These particular rusks are 100% whole grain and so they can be somewhat tough and hard, that’s why it is important to pass them under some water (just a few drops) so that they can soften a bit, but still have a crunch. There are a variety of ratios of different flours to be used, I wanted the 100% whole grain version, so I only used whole grain flours and used a 50/50 ratio (barley/wheat). You can play with ratios. Generally more barley flour will result in a darker rusk. Also, this recipe requires a bit of kneading, I used my hands (instead of a mixer) and I have to say after a while, I found the kneading to be surprisingly calming.

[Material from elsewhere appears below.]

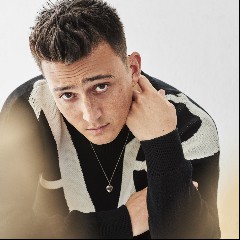 APE, Zak Abel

Luckily in Greece we have plenty of traditional rusks available at bakeries and markets and if you are in Greece I recommend buying a bunch of bags to take home as they have a very long shelf life, but if you are not visiting Greece anytime soon, then here is the recipe, I very much enjoyed making them!

This recipe may contain affiliate links. As an Amazon Associate, I earn from qualifying purchases, which means that I’ll earn a small commission if you purchase through these links (at no cost to you).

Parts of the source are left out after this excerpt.